Edmund Asbury Gullion (March 2, 1913 Lexington, Kentucky - March 17, 1998 Winchester, Massachusetts) was an American diplomat. He served as dean of the Fletcher School of Law and Diplomacy (1964–1978) and “one of the country's most accomplished career ambassadors.”

Gullion’s last post in the State Department was as the United States Ambassador to the recently independent Congo, described as “a flashpoint of the cold war.” His first diplomatic mission was in Marseilles as a deputy consul in 1937. He was in the Congo from 1961 until 1964. He was also Chargé d'Affaires ad interim to Finland when the United States severed diplomatic relations with Finland on June 30, 1944, and Deputy Director of the U.S. Disarmament Administration (1960–1961).
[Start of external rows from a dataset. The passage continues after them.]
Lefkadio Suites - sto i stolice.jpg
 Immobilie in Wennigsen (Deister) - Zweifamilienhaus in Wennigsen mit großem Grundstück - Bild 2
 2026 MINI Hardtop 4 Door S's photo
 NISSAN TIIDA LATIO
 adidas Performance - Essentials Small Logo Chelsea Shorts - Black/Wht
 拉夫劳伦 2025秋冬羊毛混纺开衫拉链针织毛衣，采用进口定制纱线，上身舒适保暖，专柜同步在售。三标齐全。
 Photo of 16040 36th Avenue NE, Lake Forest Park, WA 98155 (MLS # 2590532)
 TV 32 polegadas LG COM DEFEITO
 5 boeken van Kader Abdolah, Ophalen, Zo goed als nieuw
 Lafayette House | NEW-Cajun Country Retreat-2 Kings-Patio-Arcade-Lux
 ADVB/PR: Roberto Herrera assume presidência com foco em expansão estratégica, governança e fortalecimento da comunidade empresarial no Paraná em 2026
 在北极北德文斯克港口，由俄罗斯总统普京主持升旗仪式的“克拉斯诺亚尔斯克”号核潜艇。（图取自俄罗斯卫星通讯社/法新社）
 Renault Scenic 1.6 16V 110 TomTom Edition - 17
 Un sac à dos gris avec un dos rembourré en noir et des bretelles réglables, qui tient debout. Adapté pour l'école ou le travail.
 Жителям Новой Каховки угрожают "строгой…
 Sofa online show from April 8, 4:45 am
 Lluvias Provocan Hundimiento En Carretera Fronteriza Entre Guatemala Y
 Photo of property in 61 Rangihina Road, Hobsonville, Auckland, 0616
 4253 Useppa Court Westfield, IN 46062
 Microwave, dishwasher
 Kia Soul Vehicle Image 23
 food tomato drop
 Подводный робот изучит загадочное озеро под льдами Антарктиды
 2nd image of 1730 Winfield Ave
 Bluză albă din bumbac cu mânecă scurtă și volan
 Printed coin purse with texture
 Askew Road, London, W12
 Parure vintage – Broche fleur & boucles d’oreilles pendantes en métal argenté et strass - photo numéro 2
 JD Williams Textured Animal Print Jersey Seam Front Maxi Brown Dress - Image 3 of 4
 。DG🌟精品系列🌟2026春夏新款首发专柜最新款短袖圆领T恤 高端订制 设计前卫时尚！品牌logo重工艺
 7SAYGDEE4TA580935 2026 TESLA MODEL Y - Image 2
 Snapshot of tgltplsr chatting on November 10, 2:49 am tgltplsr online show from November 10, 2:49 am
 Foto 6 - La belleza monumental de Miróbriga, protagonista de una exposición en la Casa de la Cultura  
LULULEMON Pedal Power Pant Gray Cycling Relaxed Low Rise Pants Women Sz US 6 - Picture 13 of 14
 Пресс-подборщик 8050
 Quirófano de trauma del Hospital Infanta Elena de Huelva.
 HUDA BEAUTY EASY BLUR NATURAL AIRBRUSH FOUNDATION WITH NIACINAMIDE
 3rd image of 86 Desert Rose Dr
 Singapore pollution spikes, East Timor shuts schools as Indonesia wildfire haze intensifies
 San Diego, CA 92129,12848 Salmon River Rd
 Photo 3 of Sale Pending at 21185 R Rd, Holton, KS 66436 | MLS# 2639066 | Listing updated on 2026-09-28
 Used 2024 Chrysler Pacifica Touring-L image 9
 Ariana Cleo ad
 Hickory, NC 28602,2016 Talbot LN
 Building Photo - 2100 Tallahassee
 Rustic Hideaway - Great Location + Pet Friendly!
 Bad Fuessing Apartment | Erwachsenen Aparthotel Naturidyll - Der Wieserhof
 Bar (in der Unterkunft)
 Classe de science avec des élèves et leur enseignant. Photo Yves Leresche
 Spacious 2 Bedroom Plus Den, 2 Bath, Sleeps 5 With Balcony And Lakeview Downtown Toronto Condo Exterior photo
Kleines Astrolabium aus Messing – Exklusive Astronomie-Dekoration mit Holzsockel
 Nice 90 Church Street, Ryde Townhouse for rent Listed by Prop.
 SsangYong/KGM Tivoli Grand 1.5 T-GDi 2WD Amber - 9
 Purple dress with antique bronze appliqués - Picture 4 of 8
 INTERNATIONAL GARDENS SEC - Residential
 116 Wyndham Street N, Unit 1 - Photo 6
Gullion was stationed not only in Helsinki during WWII but also Salonika, Greece “ where he witnessed the entry of German troops into both areas and coordinated the departure of American citizens and diplomatic staff.” When he finished at the National War College, he spent three years as Consul General and Counselor of the U.S. Embassy in Saigon, Vietnam, during the war in Indochina.

While he was in the Congo, what was termed as the "Congo crisis" was happening when the United Nations attempted to prevent the secession of the Katanga Province. Gullion and his staff were awarded for their work.

He graduated from Princeton University in 1935 and from the National War College in 1949.

Gullion died at his home of a heart attack.